Club América of Liga MX Femenil earned a third-place finish, winning $700,000 in prize money as the bronze medal winners.

Iowa State Center Audi Crooks is Owning the 2025/26 NCAA Basketball Stat Sheet

Iowa State center Audi Crooks, guard Arianna Jackson, and forward Alisa Williams celebrate a 2025/26 NCAA basketball win.
Iowa State basketball star Audi Crooks is averaging a career-high 27.3 points per game in the 2025/26 NCAA season. (Nirmalendu Majumdar/Ames Tribune/USA TODAY NETWORK via Imagn Images)

Two years after her breakout NCAA tournament performance as a freshman, No. 10 Iowa State center Audi Crooks has become an unstoppable force for the Cyclones as they look to better their first-round exit from last year's postseason.

The junior is leading the nation in scoring with a career-high 27.3 points per game, all while smashing her own Iowa State single-game scoring record with a 47-point performance against Indiana on November 30th.

"These scoring records are really team records, especially for me as a post," Crooks told the Des Moines Register after the Cyclones' 106-95 win over the Hoosiers. "I don't bring the ball up.
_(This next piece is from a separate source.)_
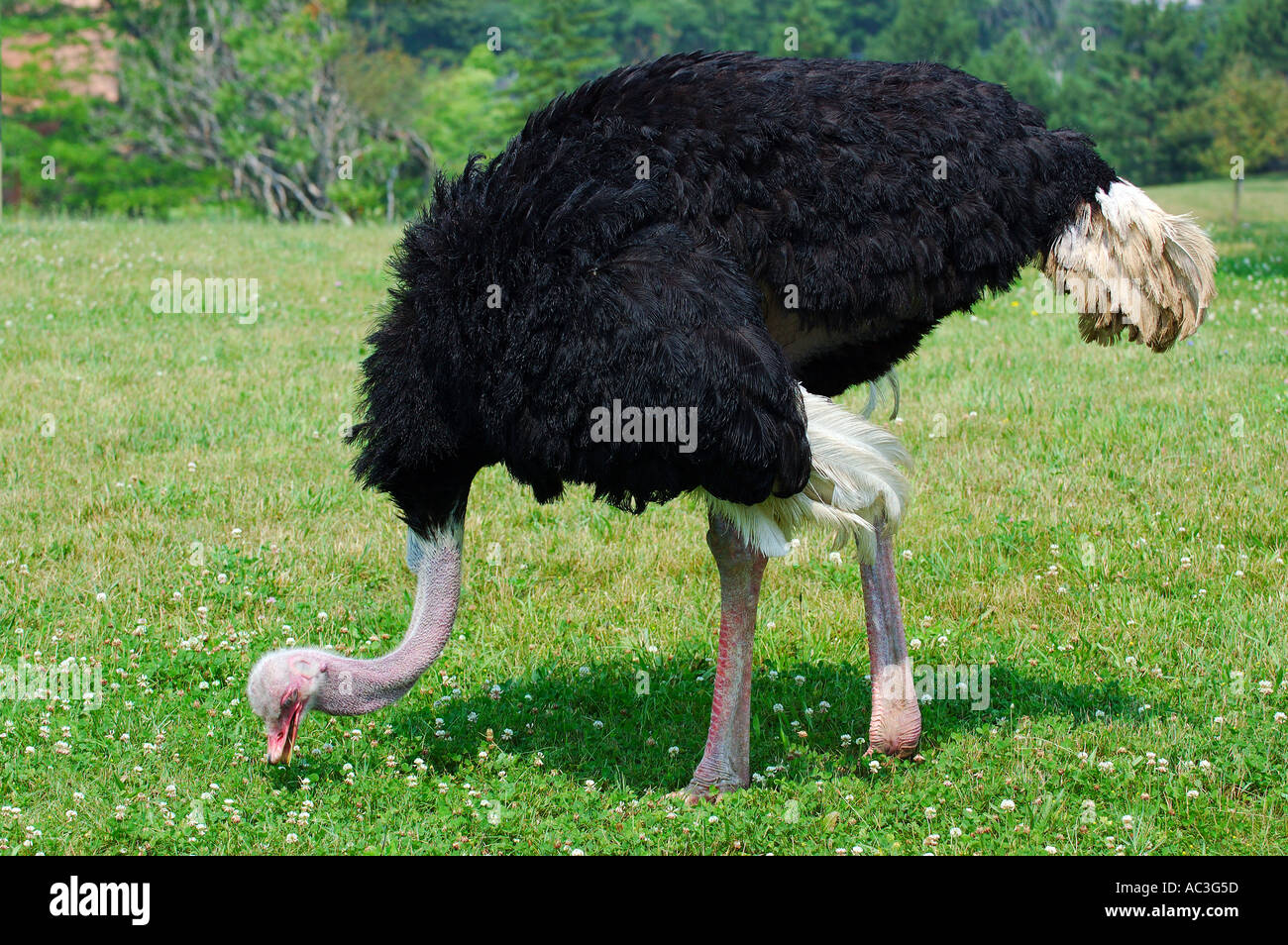 Struzzo trifoglio becchettare in un campo lo Zoo di Toronto Foto Stock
Somebody else does that and I don't pass the ball in the paint. Somebody else does that."

Crooks, who will turn 21 years old this Saturday, continued her scoring pace with a 30-point game against Northern Illinois on Sunday — registered in only 19 minutes of playing time during the 105-52 blowout win.

Her efficiency has been on full display in the young 2025/26 NCAA season, with Crooks currently sitting first in field goal percentage at 73.8% while averaging only 25.3 minutes of playing time per game.

"It's always fun to watch her cook. When you get the ball to her hands and it's going in, it's Audi-matic,"  said Iowa State guard Reagan Wilson following Sunday's victory.

How to watch Crooks and Iowa State in action this week

Crooks and the No. 10 Cyclones will take on their season's biggest test yet on Wednesday, when they'll host in-state rival No. 12 Iowa.

The two unbeaten programs will clash at 7 PM ET, airing live on ESPN.

No. 1 UConn Basketball Dominates DePaul on Sue Bird Jersey Retirement Night

The No. 10 of UConn basketball legend Sue Bird hangs in the rafters of Gampel Pavilion after a ceremony honoring the former Husky.
UConn legend Sue Bird won two NCAA titles with the Huskies. (Joe Buglewicz/Getty Images)

No. 1 UConn honored one of the NCAA basketball program's legends on Sunday, hanging up the No. 10 jersey of Hall of Fame guard Sue Bird in a retirement ceremony prior to the Huskies' dominant 102-35 victory over DePaul — their ninth win of the 2025/26 season.

A two-time NCAA champion, Bird is now one of only three UConn women's basketball players with a number in the rafters, joining Rebecca Lobo and Swin Cash — and soon-to-be Maya Moore.

"This is home," said Bird. "This is where it started. So to see what we are about to see, my number up in the rafters next to these other legends, it's an incredible, incredible honor. Hard to put into words."

"The amazing thing about [Cash, Lobo, Bird, and Moore] was the incredible amount of success they had after they left here," said UConn head coach Geno Auriemma during Sunday's jersey retirement ceremony. "That as great as their accomplishments were here, what they've done since they left has been nothing short of incredible."

Bird became UConn's first-ever No. 1 WNBA draft pick in 2002, with the floor general winning four titles with the Seattle Storm plus five Olympic gold medals as part of Team USA before retiring in 2022.

How to watch No. 1 UConn in action this week

After honoring their past superstar, the reigning national champions are now looking to the future, with No. 1 UConn gearing up for a ranked matchup against No. 16 USC on Saturday.

The clash between the Huskies and the Trojans will tip off at 5:30 PM ET, with live coverage airing on FOX.